I dug up approx. 600 glass beads a rare to find knife and a spanish silver coin pendant with chevrons engraved on it. Most of the screening was done at home. Only picked out the bigger beads and brought the rest home to find all the seed beads, these arent dutch or french but straight up spanish beads. The paleo of beads in the U.S. the begining of the end for Florida


----------



## Nicodemus (Jun 12, 2011)

Exceptional finds, Jeff. That would be a masterpiece find to me.


----------



## jcinpc (Jun 12, 2011)

I appreciate that Nic, it is to me. I love my stone and shell and ceramic artifacts but this is something totaly different and to me rarer.
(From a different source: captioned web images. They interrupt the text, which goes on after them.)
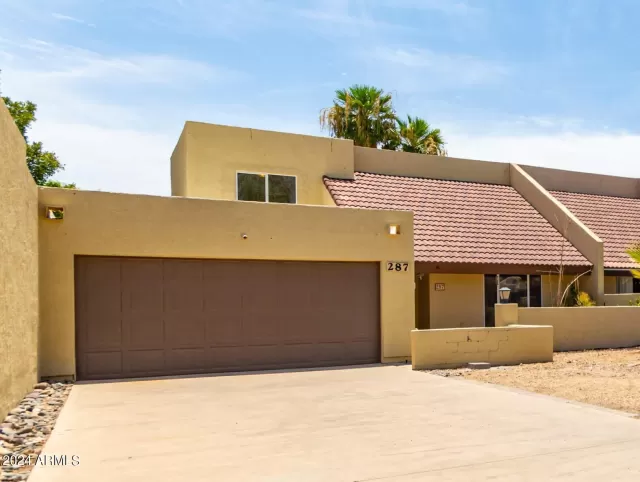 MLS: 6733712 Condo For Sale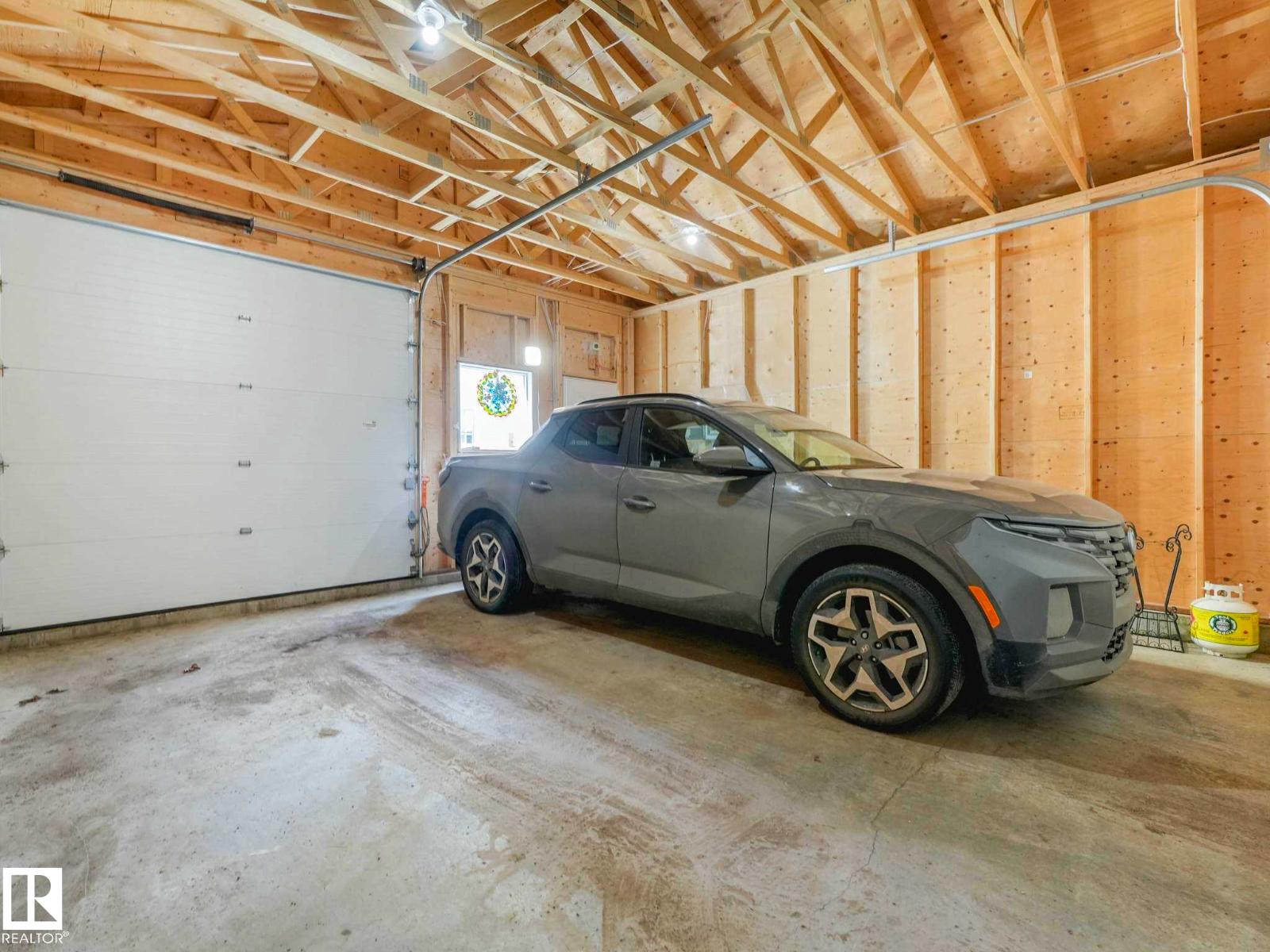 9607 225 ST NW - 58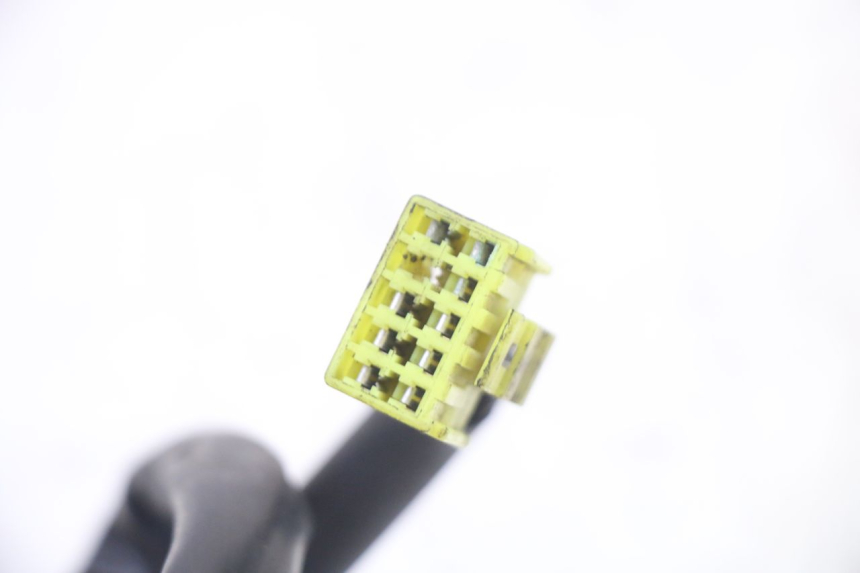 photo de LEFT SWITCH SUZUKI GSR 750 (2011 - 2017) - Surface and material condition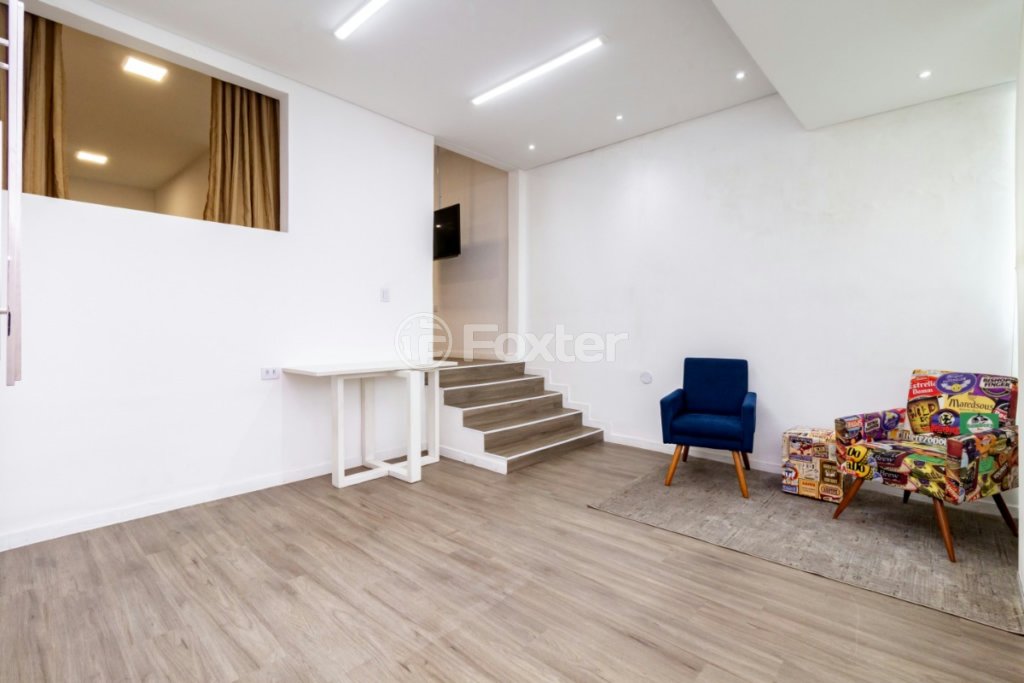 1731093585605-13_20closet_20quarto_204_20_3_.jpeg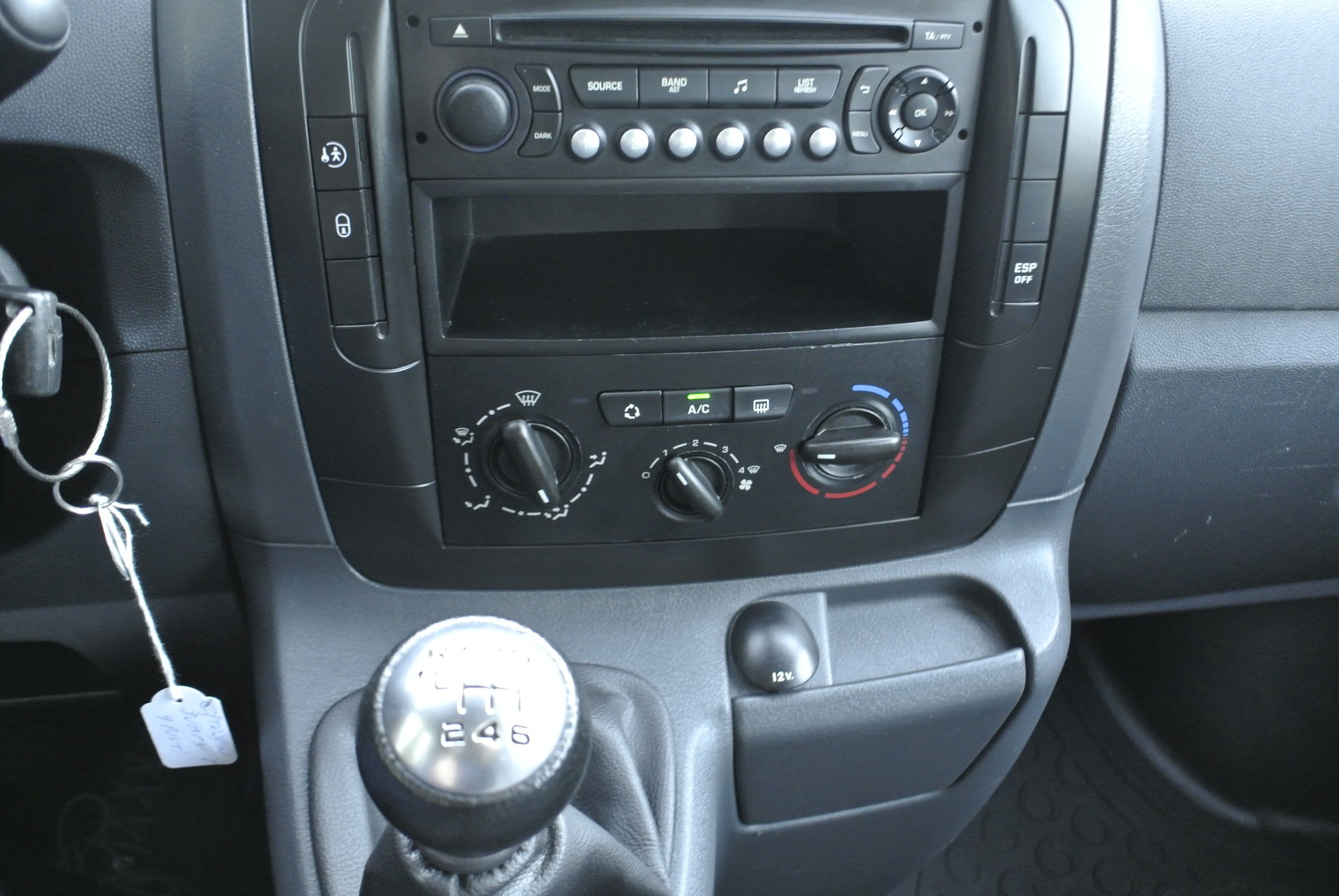 CITROEN Jumpy 2.0 HDi L2H1 Attraction-image-24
It really speak volumes to me. These are really rare to find.I did alot of homework and leg work and research etc. Found where I thought a site would be and got permission from the farmer. I do believe this was a midden type site that has been pushed down.Too much evidence supports that


----------



## Nugefan (Jun 13, 2011)

awesome finds , the white chevron bead is way too cool ....


----------



## chehawknapper (Jun 13, 2011)

Incredible finds!


----------



## fish hawk (Jun 13, 2011)

Bout as cool as it gets!!!And the pendent,WOW.Congrats.


----------



## Son (Jun 13, 2011)

Very fortunate to get into a bead site. In all my years and scratching, never got into that many.
Nice finds for sure.


----------



## flintdiver (Jun 14, 2011)

Very Awesome indeed !


----------



## secondseason (Jun 14, 2011)

I would be in hog heaven going through all that material looking.

Awesome find!!


----------



## florida boy (Jun 23, 2011)

thats unreal !


----------



## NCHillbilly (Jun 23, 2011)

Exceptionally nice finds, Jeff. Not much of that stuff floating around out there.


----------



## dawg2 (Jun 24, 2011)

That is a treasure trove.


----------



## Katera73 (Jul 4, 2011)

Awesome !!!


----------



## CaptainCraig (Jul 8, 2011)

Great finds.


----------